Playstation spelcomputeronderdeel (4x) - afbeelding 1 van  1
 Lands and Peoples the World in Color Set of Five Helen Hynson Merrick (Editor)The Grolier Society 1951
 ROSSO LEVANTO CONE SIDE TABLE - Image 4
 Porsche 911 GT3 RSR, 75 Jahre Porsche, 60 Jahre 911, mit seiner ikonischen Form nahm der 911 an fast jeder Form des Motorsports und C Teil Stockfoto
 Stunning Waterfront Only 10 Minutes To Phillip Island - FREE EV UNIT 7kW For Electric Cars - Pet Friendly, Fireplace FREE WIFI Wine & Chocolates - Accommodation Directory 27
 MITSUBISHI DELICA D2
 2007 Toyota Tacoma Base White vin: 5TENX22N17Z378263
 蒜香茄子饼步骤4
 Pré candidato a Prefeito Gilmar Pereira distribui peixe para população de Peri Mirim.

+ + +

▶ [YOUR GOAL]
Copy each line exactly, beginning at the one with "2007 Toyota Tacoma" and stopping after the last line of the entries. Include nothing else.

▶ [TASK OUTPUT]
 2007 Toyota Tacoma Base White vin: 5TENX22N17Z378263
 蒜香茄子饼步骤4
 Pré candidato a Prefeito Gilmar Pereira distribui peixe para população de Peri Mirim.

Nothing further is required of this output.